**What to produce**
Show every line of the records below that contains the word "Duster".

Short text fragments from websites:

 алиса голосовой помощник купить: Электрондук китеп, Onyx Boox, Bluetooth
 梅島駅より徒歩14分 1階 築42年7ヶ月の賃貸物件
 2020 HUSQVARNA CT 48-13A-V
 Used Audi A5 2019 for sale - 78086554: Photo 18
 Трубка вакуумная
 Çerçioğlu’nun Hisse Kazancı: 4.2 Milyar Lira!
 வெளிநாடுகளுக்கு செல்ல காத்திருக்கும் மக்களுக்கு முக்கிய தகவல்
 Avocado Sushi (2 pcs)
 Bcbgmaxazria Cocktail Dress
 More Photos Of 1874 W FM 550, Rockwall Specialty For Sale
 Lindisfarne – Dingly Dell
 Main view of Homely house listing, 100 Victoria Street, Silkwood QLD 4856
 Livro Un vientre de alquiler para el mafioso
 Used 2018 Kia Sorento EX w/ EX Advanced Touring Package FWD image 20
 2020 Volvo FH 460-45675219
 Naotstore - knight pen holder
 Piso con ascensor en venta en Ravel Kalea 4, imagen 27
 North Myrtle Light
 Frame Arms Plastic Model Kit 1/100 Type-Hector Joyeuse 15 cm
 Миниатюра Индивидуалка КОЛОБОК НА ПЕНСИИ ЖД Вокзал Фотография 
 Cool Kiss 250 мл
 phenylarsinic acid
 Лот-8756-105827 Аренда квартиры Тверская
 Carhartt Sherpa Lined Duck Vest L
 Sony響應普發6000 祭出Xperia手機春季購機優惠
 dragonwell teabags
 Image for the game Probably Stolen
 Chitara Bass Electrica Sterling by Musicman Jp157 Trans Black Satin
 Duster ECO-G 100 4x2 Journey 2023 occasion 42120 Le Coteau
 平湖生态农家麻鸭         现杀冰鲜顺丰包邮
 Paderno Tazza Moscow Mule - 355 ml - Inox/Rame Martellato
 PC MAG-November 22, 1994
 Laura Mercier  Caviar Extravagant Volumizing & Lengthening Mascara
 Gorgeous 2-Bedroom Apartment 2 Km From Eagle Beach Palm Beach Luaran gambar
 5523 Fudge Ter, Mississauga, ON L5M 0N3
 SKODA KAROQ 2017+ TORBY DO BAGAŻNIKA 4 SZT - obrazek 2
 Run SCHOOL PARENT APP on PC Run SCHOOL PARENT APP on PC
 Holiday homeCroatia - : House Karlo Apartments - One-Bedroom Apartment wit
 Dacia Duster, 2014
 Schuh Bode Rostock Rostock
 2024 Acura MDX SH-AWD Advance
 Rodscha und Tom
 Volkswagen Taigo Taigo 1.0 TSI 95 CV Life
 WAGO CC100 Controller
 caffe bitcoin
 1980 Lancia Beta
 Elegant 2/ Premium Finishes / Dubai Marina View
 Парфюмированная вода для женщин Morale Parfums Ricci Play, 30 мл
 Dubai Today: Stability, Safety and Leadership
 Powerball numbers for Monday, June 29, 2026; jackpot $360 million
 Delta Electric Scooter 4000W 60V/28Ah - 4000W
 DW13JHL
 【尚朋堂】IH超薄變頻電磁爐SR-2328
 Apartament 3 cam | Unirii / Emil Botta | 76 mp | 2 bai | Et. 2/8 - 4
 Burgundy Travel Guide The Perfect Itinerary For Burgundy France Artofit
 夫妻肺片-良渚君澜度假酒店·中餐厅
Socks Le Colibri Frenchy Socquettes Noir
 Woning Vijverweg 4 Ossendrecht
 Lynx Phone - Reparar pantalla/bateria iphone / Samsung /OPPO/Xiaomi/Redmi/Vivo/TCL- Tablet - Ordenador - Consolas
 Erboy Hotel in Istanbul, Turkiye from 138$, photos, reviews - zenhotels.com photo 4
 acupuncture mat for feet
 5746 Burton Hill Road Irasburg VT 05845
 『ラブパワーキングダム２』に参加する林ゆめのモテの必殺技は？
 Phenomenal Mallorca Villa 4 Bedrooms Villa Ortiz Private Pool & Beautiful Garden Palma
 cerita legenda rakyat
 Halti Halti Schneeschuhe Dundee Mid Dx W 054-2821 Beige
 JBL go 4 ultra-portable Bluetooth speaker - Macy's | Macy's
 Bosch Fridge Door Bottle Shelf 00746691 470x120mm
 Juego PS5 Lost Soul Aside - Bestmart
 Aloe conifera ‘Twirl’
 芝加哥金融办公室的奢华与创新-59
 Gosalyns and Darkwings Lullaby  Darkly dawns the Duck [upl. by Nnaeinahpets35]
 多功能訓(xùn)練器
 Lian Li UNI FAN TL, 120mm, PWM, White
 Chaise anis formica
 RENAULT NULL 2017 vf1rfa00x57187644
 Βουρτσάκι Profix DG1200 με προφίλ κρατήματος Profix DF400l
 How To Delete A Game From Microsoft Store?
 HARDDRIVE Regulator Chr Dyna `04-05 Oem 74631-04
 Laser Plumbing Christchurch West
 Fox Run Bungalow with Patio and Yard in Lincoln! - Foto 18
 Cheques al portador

**Answer to this exercise**
 Duster ECO-G 100 4x2 Journey 2023 occasion 42120 Le Coteau
 Dacia Duster, 2014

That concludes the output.